The idea behind this proposal is great, but the amount suggested for such a new project is exaggerated. I have no doubt that this kind of law initiative can get extremely expensive, but this should first be a pilot project, and as such moderately funded. As someone mentioned previously, the discussion is also extremely US centric. The Uniswap community shouldn’t throw 1M UNI directly in a multisig wallet controlled by a US entity in bulk.

It would be much more sensible if this was a pilot project, with clearly defined milestones, regularly reporting back to the community of holders. Depending on whether the community likes what they’re seeing, more funds could be unlocked in the future, either for that same entitiy, or new entities falling under other jurisdictions.

Due to the dynamic and somewhat unpredictable state of global policy proposals, we believe the grant-making committee should have considerable discretion to allow for flexibility and speed, subject to the necessary disclosure of its activities on a regular basis.

The 501(c)(4) will issue a detailed budget within 90 days of the proposal passing. Budgets, projections, and 5-year plans often must be revised and amended.

This is quite concerning. A group of people are asking for a significant sum, without having a budget to justify the amount asked first? Furthermore, once the funds are in the multisig, how can the Uniswap community enforce accountability?

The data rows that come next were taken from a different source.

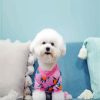 Bichon Frise Wearing Pajamas paint by numbers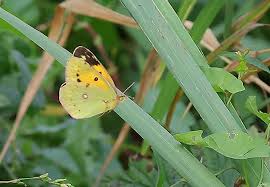 Attēlu rezultāti vaicājumam “Lycogala persicum young”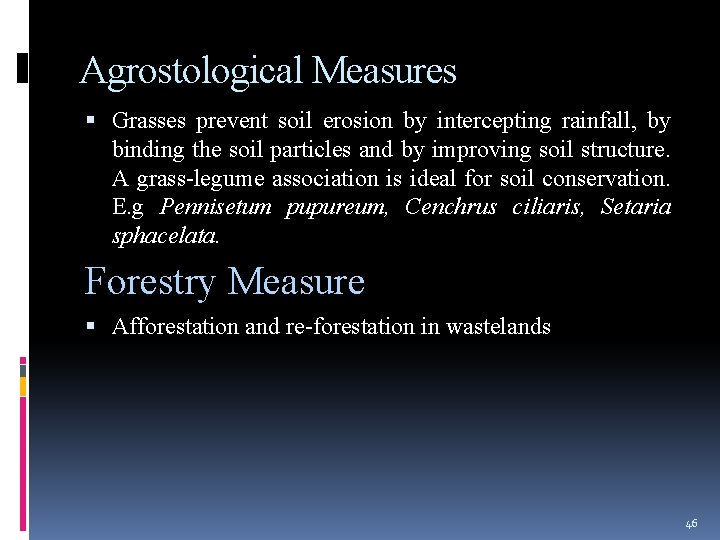 Agrostological Measures Grasses prevent soil erosion by intercepting rainfall, by binding the soil particles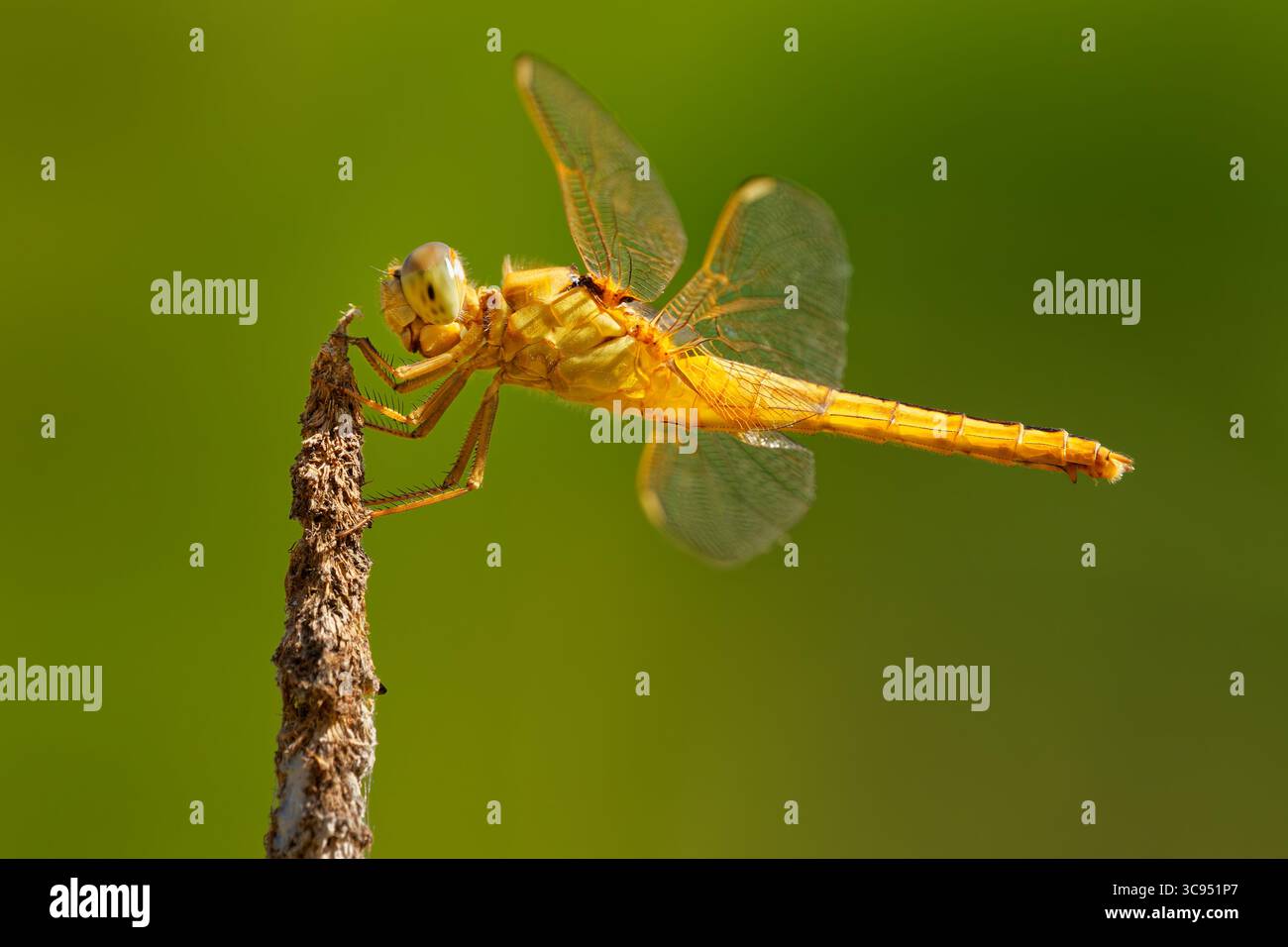 Schimmer Scarlet o palude ruddy o schimmer orientale Crocothemis servilia libellulidae, originaria dell'Asia orientale e sud-orientale, introdotta a Ja Foto Stock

Everyone understands the urgency of educating regulators about DeFi, but clearly rushing this kind of lackluster proposal is not the way forward.


Gauntlet will be supporting this proposal. We posted our reasoning in the Consensus Check thread here, but are glad to see the added commitment to use Tally’s Failsafe in the future. This should help give UNI holders stronger protection in the case something were to go awry.

The continued discussion in these threads is great to see - there are a lot of great suggestions here for how the Education Fund can better accomplish its mission to bring regulatory clarity to DeFi. As we mentioned in our Consensus check post, many of the concerns raised are valid. However as no one has brought to the forums any reasonable competing proposal, and it seems like the options are to move forward here and work with the Education Fund to address these concerns, or do nothing at all. DeFi is truly revolutionary technology that could change countless lives for the better, and a blunt regulatory crackdown could hamper adoption for years, if not longer. The Education Fund is a real chance to influence better regulation and policy that could help people lead better and more productive financial lives, and we are happy to vote yes on proposal 005.

Almost everyone agrees with the argument of funding a political defense organization / education fund, and in particular the Gauntlet arguments on that topic are also sensible. However it seems that you do not address the question of the amount requested.

What is the opinion of Gauntlet on the fact that a pilot project is about to be funded with millions without any clear milestone, or any detailed budget? You said the following in a previous thread:

While the sum requested is large, the sum needed is even larger.

This may very well be true eventually, but this needs to be justified a bit more for the first project of its kind. What expenses can we anticipate? How many full time employees will there be? What will be their exact roles? What is expected to be the first deliverable of that project?

I reiterate that it seems much more sensible to fund a pilot project with a lower amount, perhaps enough for 1 year of runway (with justifications for that amount), and reassess further funding of the same group after some milestones. In fact, I find it deeply concerning as far as the maturity of the space is concerned that governance seems so willing to unlock funds without any detailed budget.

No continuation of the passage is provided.